I've been thinking about this field of candidates for the Republican nomination, trying to recall a time when there was such an undefined group. Mittens can't crack 25%, and the rest of the pack seems to rise and fall in two week cycles. Once a candidate crests they seem to pretty much fall back permanently, and although not a single vote has been cast, and although the dynamic will surely change once the voting starts, this state of affairs seems very unusual to me. As close as I've been able to come to a similar race is the Democratic Presidential primary season of 1988. Remember that one? Let me run it down for you, in order of finish:

Michael Dukakis
Jesse Jackson
Al Gore
Dick Gephardt
Paul M. Simon
Gary Hart
Bruce Babbitt

In addition, Lyndon LaRouche, David Duke, James Traficant, and Douglas Applegate were out there, and I suppose I shouldn't pretend that they were that much more marginal than Babbitt-- it's just that Babbitt was my early favorite. In hindsight the major candidates are an interesting list, aren't they? This was Gary Hart version 2.0, and he was the initial front-runner. After Babbitt dropped out I threw my support behind Jesse, thinking that an African-American President with a history of social activism would be the most likely to address the issues of social and economic injustice that I believed were the chief problems in American society. This, of course, proves that I have always been exactly the kind of rube that doubles down at three card monte, but I'm laying it out there in the spirit of full disclosure. I liked Paul Simon, too. This was the Illinois Paul Simon, the one with the big ears and the bow ties, not the guy who wrote "Feelin' Groovy". I wasn't a big Dick Gephardt fan-- his anti-trade posture impressed me as wrong-headed. This was Al Gore version 1.0-- Ed Koch endorsed him, but Gore was still evolving, and I found his stand on reproductive freedom unacceptable. Then and now that will always be a deal-breaker for me. I had problems with Tipper's anti-Rock and Roll beliefs as well.

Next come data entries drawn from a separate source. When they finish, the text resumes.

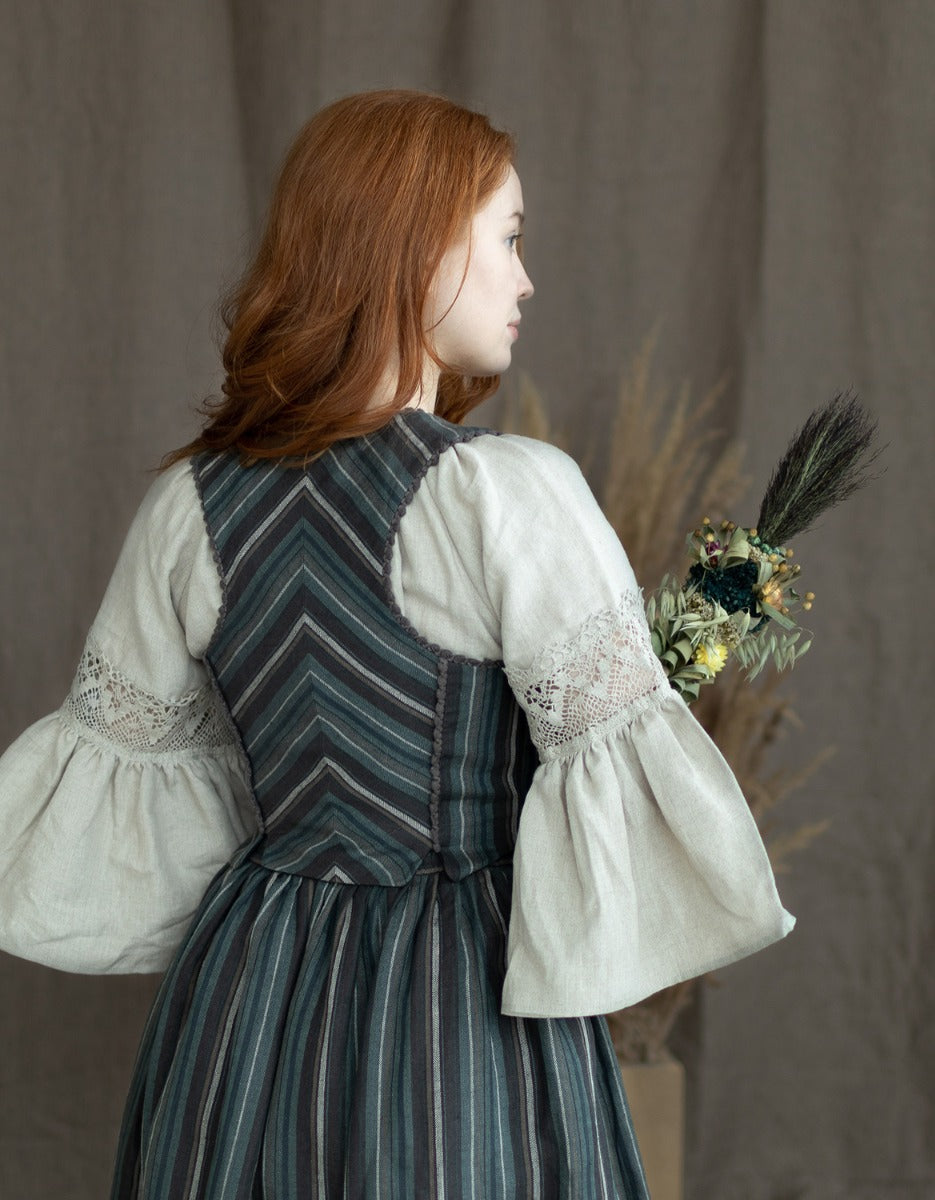 "Lina" brown striped linen corset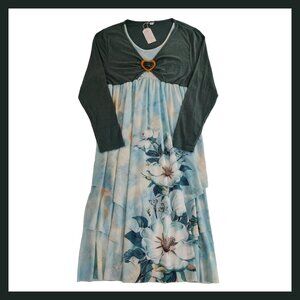 NWT Floral Maxi Dress - Shrug Bodice, Layered Skirt, Empire Waist - Green - XXL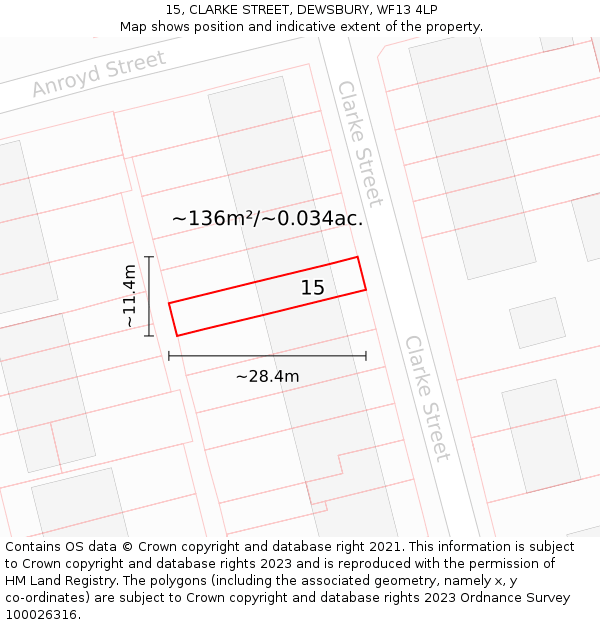 15, CLARKE STREET, DEWSBURY, WF13 4LP: Plot and title map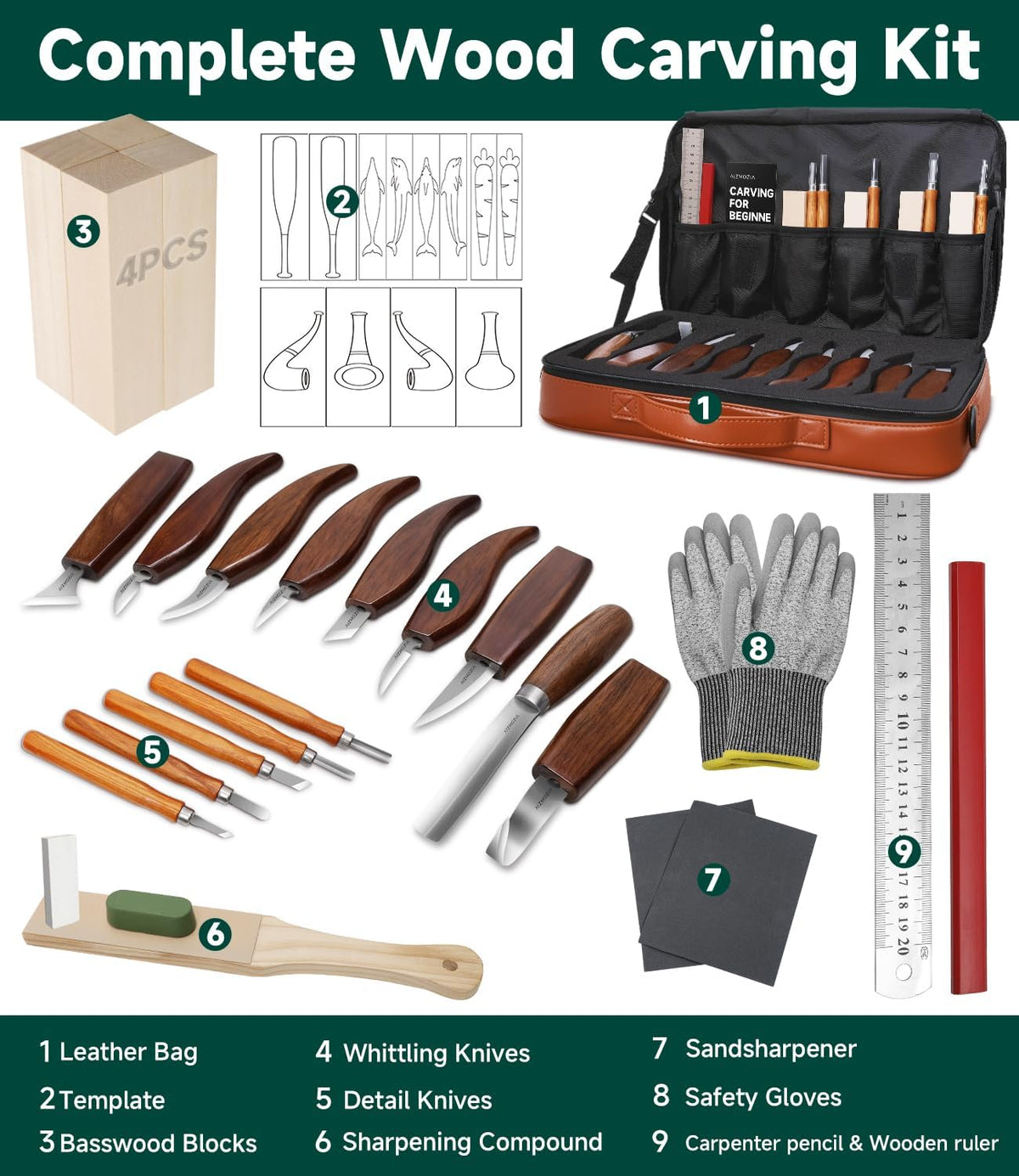 Wood Carving Kit, 30Pcs Wood Carving Tools Set with Leather Storage Bag, Deluxe Whittling Kit, 9 Wood Carving Knives 5 Chisels 4 Blocks (30-Piece Leather Bag Set)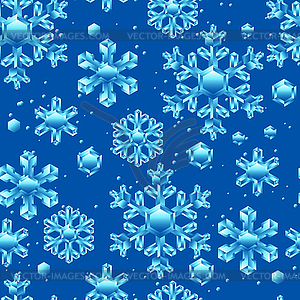 Seamless pattern with crystal snowflakes - vector clipart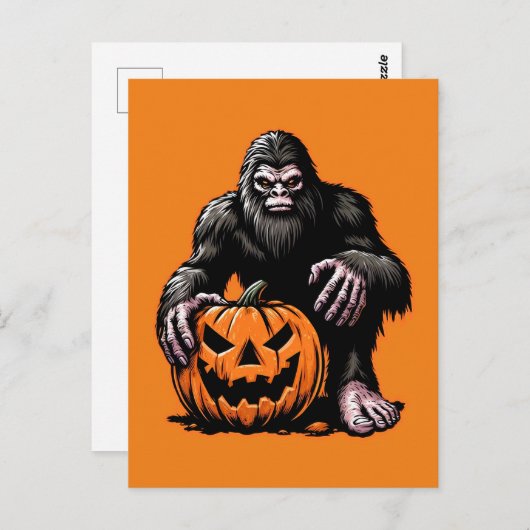 Halloween Bigfoot Pumpkin Scare Postkarte (Vorne/Hinten)
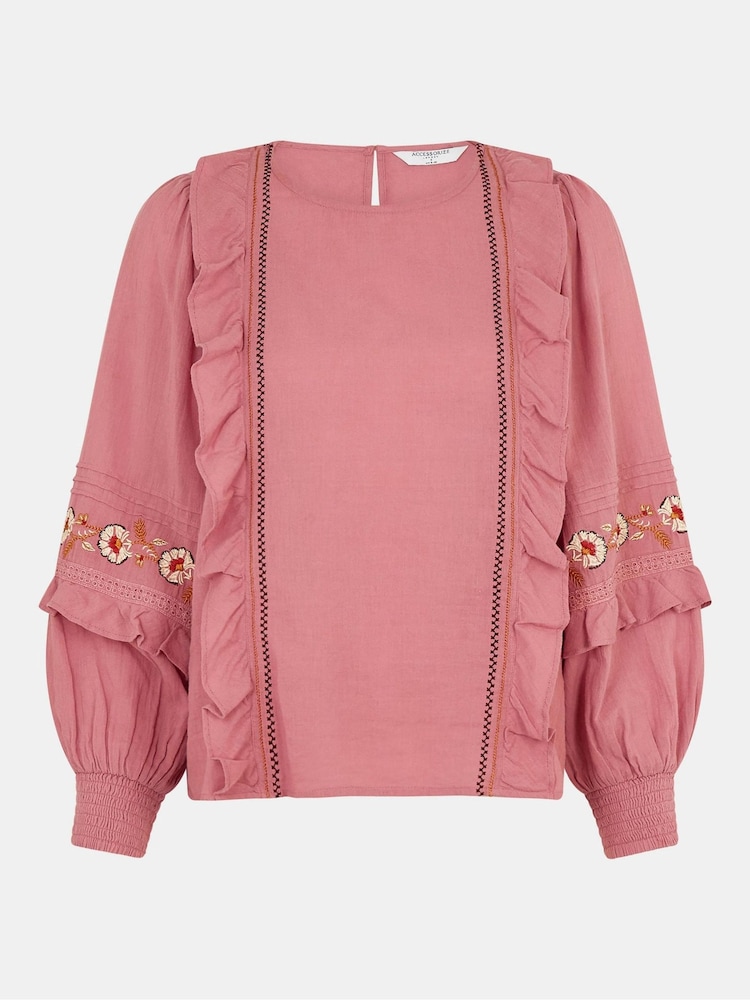 Accessorize Pink Floral Embroidered Ruffle Blouse - Image 4 of 4
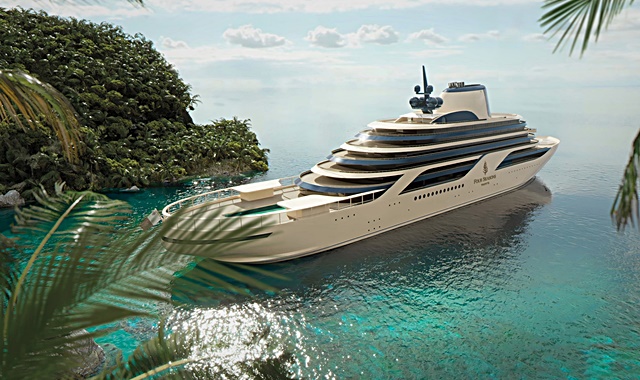 Iate da Four Season Yachts em ilha - Simulação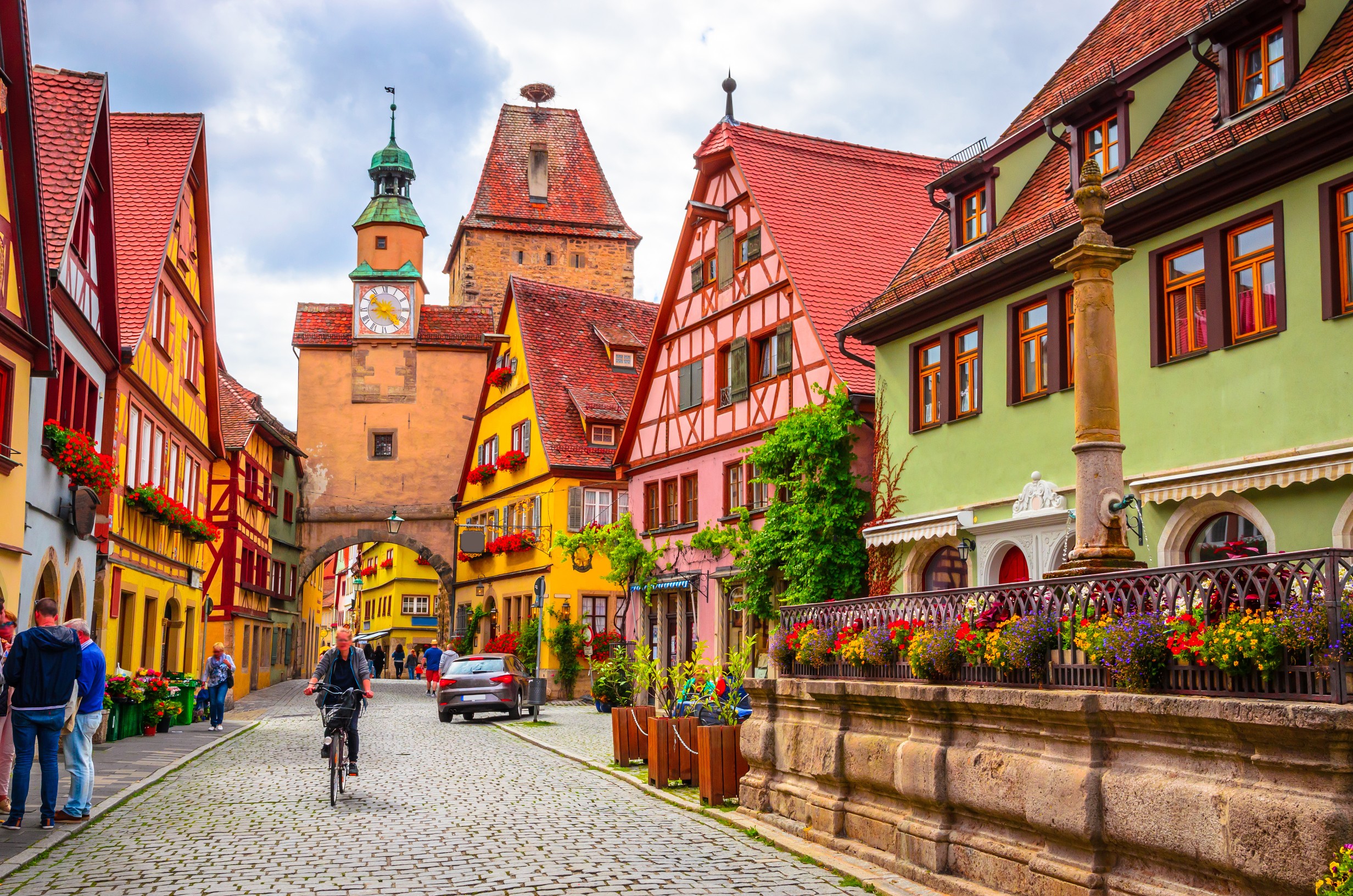 Beautiful streets in Rothenburg ob der Tauber with traditional German houses, Bavaria, Germany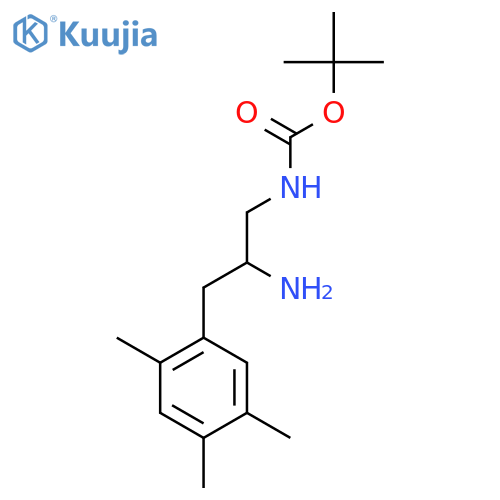 tert-butyl N-2-amino-3-(2,4,5-trimethylphenyl)propylcarbamate structure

The cat that ultimately rolled up the nomination was, of course, Dukakis, and he essentially did it by becoming everyone's second choice. Hart bailed early, Iowa went Gephardt, Simon, Dukakis, and New Hampshire went Dukakis, Gephardt, Simon. In the Super Tuesday races, Dukakis won six primaries, Gore five, Jackson five and Gephardt one, with Gore and Jackson splitting the southern states. The next week, Simon won Illinois. Essentially they followed form, with the southernerssplitting their support. That was basically it for Gephardt-- Jesse stayed in to the end, and so did Gore. Nobody ever used the words "Dukakis" and "juggernaut" in the same sentence: he was the beneficiary of timing, and maybe that's what will happen for Romney too. We aren't hearing much about New Hampshire, but that's Mittens' firewall, and he should be able to hang on past South Carolina. After than it becomes a question of who an acceptable second choice might be, and I am really not seeing one likely to emerge, although Newt might yet. I suppose the real difference between 1988 and 2012 is that Hart was sunk by a fling, and Newt will endure notwithstanding his personal life patriotism. The other difference is that all of the prospective Democrats were intelligent, serious people, and none of these Republicans can make that claim, but you run the campaign with the candidates you've got, not the candidates you wish you had.

Another possibility is that the front runner situation in 2011 is more volatile than it was in 1988, and that Mittens has been and will be everybody's second choice all along. This makes a certain kind of sense, and the Romney/Dukakis comparison is not inapt once we get past things like ideological consistency.